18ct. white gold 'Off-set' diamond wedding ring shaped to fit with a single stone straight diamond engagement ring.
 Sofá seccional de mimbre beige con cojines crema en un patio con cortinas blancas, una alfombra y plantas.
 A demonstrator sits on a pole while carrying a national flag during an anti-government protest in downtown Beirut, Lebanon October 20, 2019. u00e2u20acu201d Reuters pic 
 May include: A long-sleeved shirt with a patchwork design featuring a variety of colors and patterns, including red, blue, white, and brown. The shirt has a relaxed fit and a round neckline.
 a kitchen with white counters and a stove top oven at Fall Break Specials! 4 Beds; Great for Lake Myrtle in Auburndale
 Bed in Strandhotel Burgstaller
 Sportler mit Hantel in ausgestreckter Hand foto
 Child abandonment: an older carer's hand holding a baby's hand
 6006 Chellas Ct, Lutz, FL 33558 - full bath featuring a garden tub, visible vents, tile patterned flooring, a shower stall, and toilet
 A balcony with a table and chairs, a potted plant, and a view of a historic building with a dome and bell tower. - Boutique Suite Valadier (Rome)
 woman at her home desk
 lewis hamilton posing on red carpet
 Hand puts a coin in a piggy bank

******************************

Problem to solve -
To complete this exercise, set down every line above exactly once more.

Exercise output -
18ct. white gold 'Off-set' diamond wedding ring shaped to fit with a single stone straight diamond engagement ring.
 Sofá seccional de mimbre beige con cojines crema en un patio con cortinas blancas, una alfombra y plantas.
 A demonstrator sits on a pole while carrying a national flag during an anti-government protest in downtown Beirut, Lebanon October 20, 2019. u00e2u20acu201d Reuters pic 
 May include: A long-sleeved shirt with a patchwork design featuring a variety of colors and patterns, including red, blue, white, and brown. The shirt has a relaxed fit and a round neckline.
 a kitchen with white counters and a stove top oven at Fall Break Specials! 4 Beds; Great for Lake Myrtle in Auburndale
 Bed in Strandhotel Burgstaller
 Sportler mit Hantel in ausgestreckter Hand foto
 Child abandonment: an older carer's hand holding a baby's hand
 6006 Chellas Ct, Lutz, FL 33558 - full bath featuring a garden tub, visible vents, tile patterned flooring, a shower stall, and toilet
 A balcony with a table and chairs, a potted plant, and a view of a historic building with a dome and bell tower. - Boutique Suite Valadier (Rome)
 woman at her home desk
 lewis hamilton posing on red carpet
 Hand puts a coin in a piggy bank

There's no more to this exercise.